Your assignment -
For each line below with the word "online", write out a copy.

Start of Information supplied

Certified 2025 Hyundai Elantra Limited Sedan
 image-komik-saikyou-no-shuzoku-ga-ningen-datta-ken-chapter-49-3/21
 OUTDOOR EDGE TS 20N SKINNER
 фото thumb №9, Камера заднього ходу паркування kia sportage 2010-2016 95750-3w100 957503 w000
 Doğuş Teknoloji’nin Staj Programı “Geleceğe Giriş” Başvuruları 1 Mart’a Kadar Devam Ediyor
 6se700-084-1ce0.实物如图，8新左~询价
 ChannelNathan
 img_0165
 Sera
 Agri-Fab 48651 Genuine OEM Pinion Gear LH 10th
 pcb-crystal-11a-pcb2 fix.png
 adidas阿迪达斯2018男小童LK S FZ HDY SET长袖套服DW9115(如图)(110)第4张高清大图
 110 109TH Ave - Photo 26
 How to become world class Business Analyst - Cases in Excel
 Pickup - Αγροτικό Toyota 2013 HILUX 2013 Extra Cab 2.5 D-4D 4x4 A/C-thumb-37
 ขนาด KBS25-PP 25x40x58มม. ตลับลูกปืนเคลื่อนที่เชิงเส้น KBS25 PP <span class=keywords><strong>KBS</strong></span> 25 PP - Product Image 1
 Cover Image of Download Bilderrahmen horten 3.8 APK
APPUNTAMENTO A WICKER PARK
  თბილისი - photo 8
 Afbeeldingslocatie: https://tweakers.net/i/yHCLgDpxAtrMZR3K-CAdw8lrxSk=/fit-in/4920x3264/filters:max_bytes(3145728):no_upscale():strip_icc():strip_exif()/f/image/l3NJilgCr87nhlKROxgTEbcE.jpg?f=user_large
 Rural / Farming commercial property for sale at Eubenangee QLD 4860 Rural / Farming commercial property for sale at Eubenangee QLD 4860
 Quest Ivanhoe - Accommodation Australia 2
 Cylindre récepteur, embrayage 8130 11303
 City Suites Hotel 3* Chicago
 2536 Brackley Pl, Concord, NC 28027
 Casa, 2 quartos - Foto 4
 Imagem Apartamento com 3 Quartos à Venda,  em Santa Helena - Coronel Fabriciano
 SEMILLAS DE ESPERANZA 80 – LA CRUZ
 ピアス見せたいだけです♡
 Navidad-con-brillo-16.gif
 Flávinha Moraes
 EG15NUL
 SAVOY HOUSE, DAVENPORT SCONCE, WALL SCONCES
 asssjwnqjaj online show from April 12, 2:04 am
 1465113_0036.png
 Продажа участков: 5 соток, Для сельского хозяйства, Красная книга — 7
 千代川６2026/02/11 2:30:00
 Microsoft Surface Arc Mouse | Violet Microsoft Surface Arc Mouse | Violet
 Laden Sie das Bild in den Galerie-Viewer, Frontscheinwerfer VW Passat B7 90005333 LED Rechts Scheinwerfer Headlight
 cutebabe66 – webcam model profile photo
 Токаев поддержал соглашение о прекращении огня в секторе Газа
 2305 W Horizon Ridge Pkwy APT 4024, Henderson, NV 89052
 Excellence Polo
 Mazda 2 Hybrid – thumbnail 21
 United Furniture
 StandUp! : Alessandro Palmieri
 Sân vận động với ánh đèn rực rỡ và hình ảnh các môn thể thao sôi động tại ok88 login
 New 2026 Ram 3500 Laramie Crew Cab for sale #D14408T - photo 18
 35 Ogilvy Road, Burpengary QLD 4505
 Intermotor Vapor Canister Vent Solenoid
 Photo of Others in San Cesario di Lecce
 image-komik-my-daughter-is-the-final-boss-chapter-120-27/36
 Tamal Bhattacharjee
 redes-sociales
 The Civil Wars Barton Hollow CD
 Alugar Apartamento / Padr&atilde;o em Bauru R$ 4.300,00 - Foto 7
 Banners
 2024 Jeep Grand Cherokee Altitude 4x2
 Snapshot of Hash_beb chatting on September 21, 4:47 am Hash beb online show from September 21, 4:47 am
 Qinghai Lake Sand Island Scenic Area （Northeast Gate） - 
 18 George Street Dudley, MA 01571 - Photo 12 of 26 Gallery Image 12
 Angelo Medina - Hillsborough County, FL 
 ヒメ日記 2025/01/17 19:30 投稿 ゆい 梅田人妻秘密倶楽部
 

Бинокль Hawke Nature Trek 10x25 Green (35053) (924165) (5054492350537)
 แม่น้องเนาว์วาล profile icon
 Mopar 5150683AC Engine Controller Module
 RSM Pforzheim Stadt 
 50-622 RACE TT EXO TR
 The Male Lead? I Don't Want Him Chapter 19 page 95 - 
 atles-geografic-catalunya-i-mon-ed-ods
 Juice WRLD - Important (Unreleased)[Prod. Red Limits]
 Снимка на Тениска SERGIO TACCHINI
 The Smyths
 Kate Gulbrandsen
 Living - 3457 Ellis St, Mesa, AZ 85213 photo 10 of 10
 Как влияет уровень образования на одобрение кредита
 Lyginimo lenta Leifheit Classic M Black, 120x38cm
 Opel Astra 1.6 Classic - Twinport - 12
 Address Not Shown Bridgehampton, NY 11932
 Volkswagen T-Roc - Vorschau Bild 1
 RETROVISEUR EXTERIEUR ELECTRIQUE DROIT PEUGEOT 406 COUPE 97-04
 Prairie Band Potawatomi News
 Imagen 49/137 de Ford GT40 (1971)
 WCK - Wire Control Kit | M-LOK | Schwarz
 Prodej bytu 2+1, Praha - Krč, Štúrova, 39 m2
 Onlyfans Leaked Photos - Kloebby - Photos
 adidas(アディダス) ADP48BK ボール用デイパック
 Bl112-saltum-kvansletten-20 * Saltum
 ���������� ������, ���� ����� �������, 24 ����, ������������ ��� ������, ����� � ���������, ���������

End of Information supplied

Solution to the problem -
 asssjwnqjaj online show from April 12, 2:04 am
 Snapshot of Hash_beb chatting on September 21, 4:47 am Hash beb online show from September 21, 4:47 am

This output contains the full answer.